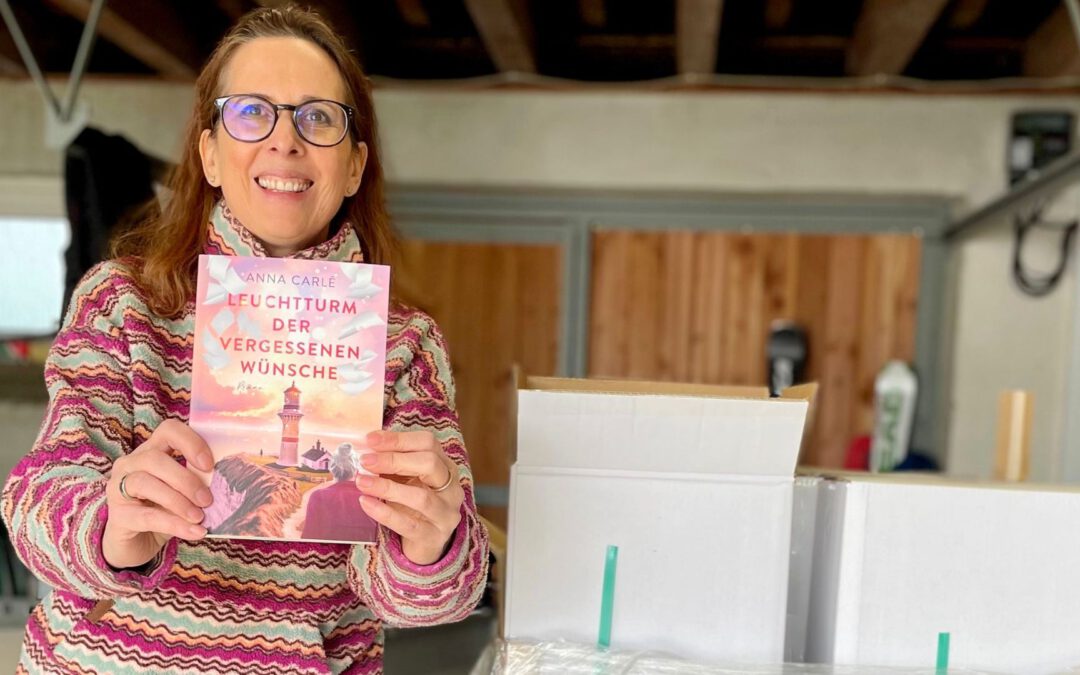 Lektorin und Romanautorin Christine Storck hält ihr frisch eingetroffenes Buch in die Kamera
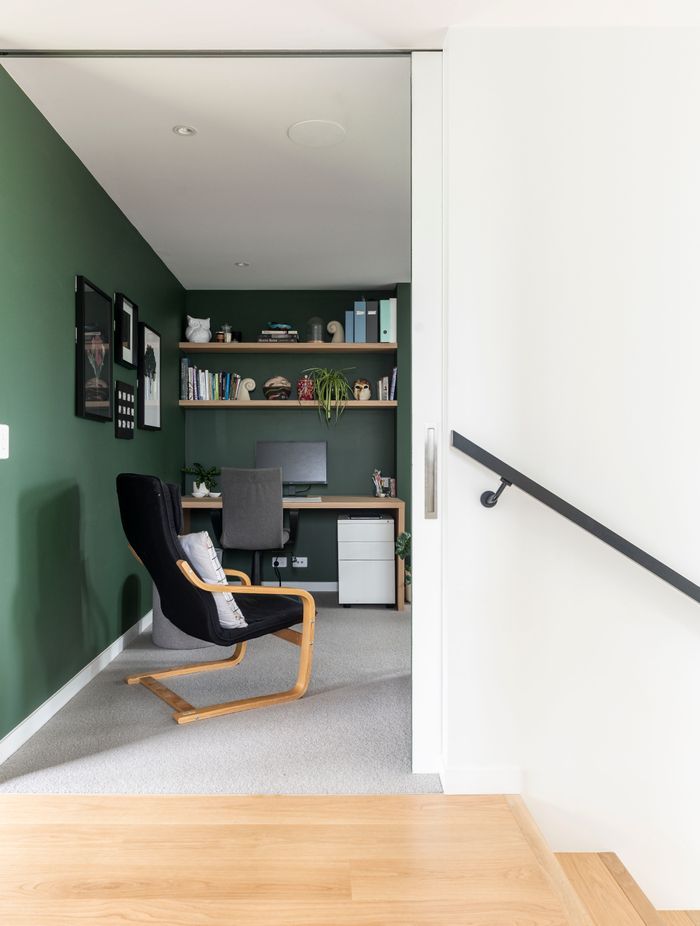 An office space features calm, forest-green walls.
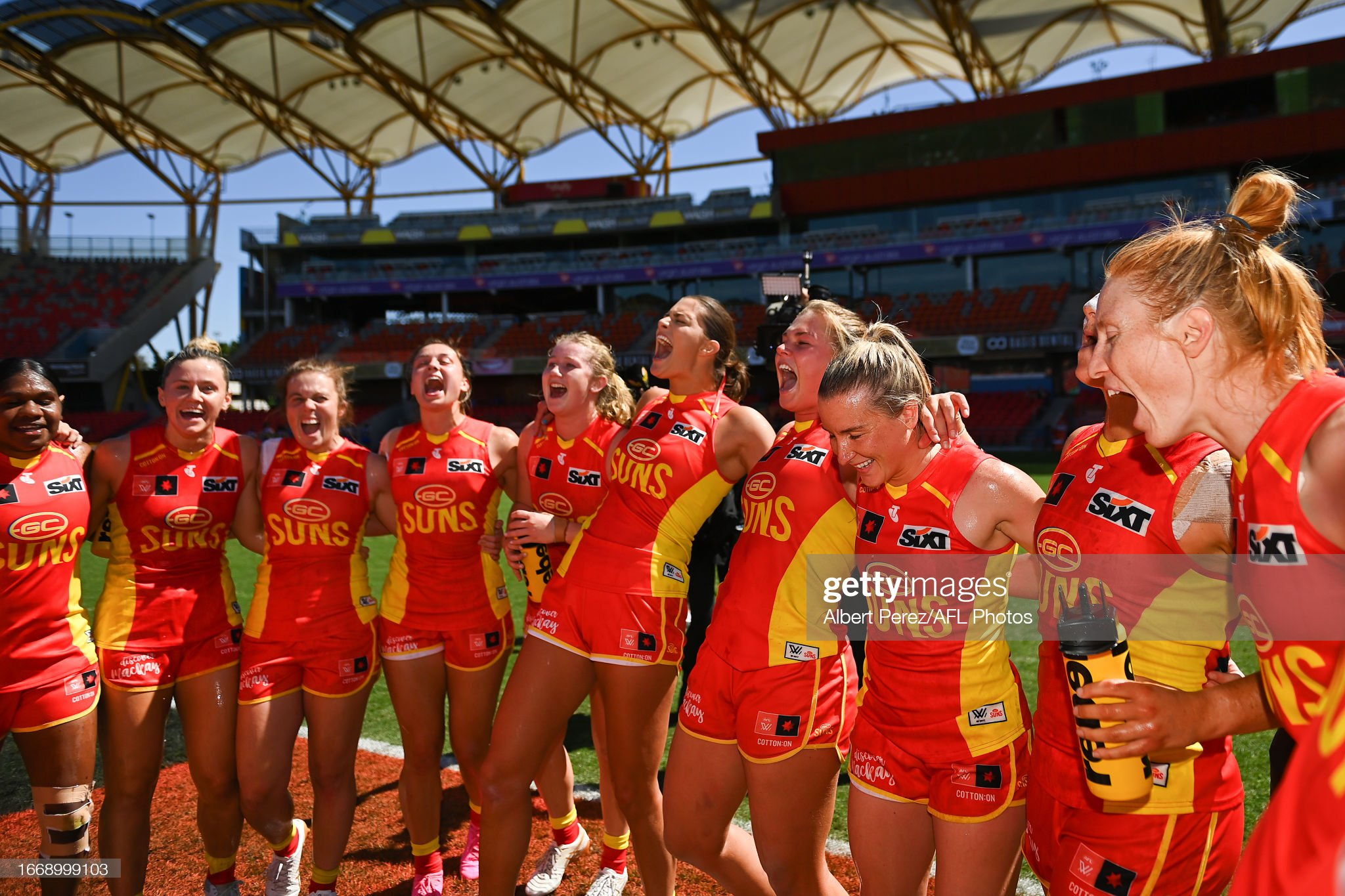 GOLD COAST, AUSTRALIA - SEPTEMBER 09: Suns sing the club song after their victory during the round two AFLW match between Gold Coast Suns and West Coast Eagles at Heritage Bank Stadium, on September 09, 2023, in Gold Coast, Australia. (Photo by Albert Perez/AFL Photos via Getty Images)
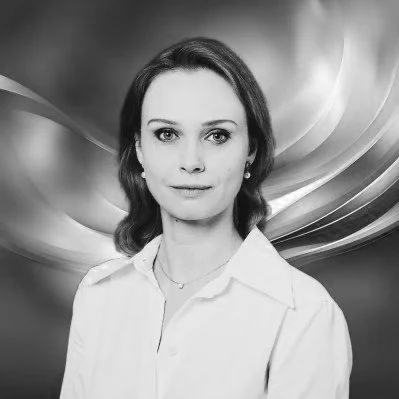 Black and white portrait of a woman with shoulder-length dark hair, wearing a collared shirt, looking directly at the camera.
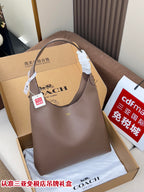 Taupe leather handbag with top handles, displayed in a gift box.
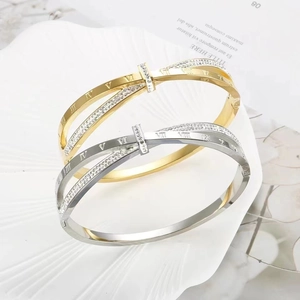 Chic interlocking roman numeral bangle set in gold and silver finish with crystal pavé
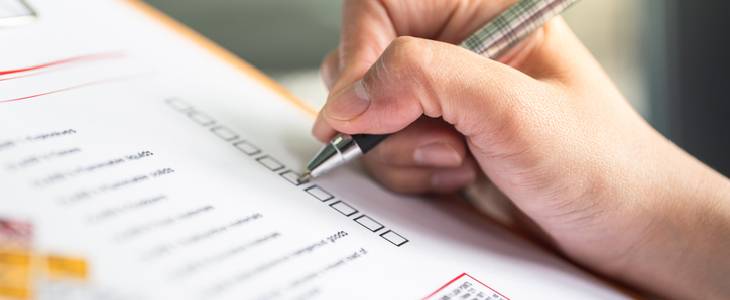 Woman writing on the OSHA checklist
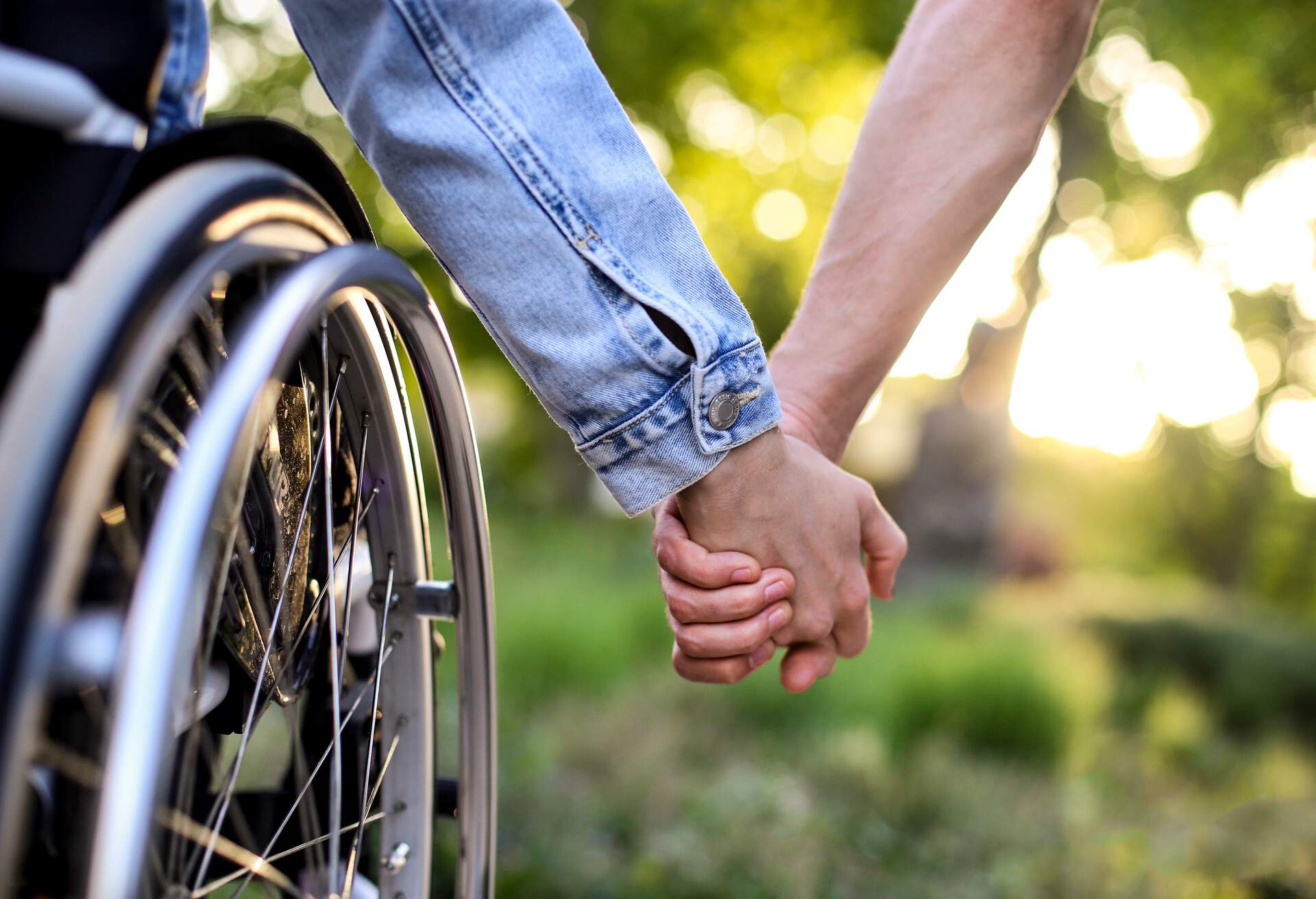 Disabled young woman and her boyfriend holding hands. Unrecognizable Caucasian people.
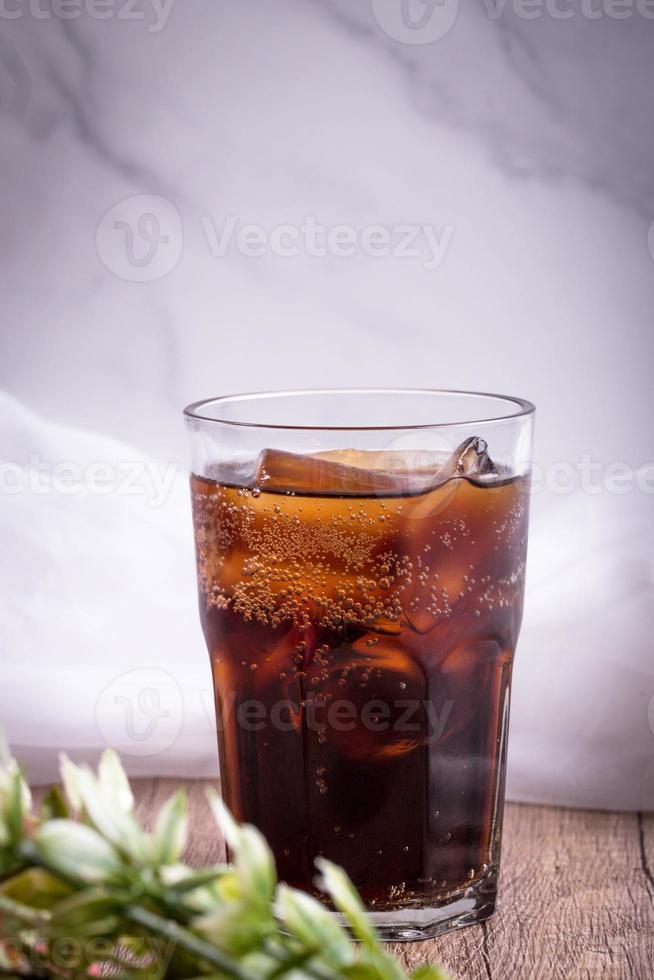 cola cola drink with ice in glass put on wooden background photo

* _Problem_
Set down word for word the lines from the first entry through the line with "Woman writing on the OSHA checklist", both included, omitting pictures.

* _Answer to this task_
 Lektorin und Romanautorin Christine Storck hält ihr frisch eingetroffenes Buch in die Kamera
 An office space features calm, forest-green walls.
 GOLD COAST, AUSTRALIA - SEPTEMBER 09: Suns sing the club song after their victory during the round two AFLW match between Gold Coast Suns and West Coast Eagles at Heritage Bank Stadium, on September 09, 2023, in Gold Coast, Australia. (Photo by Albert Perez/AFL Photos via Getty Images)
 Black and white portrait of a woman with shoulder-length dark hair, wearing a collared shirt, looking directly at the camera.
 Taupe leather handbag with top handles, displayed in a gift box.
 Chic interlocking roman numeral bangle set in gold and silver finish with crystal pavé
 Woman writing on the OSHA checklist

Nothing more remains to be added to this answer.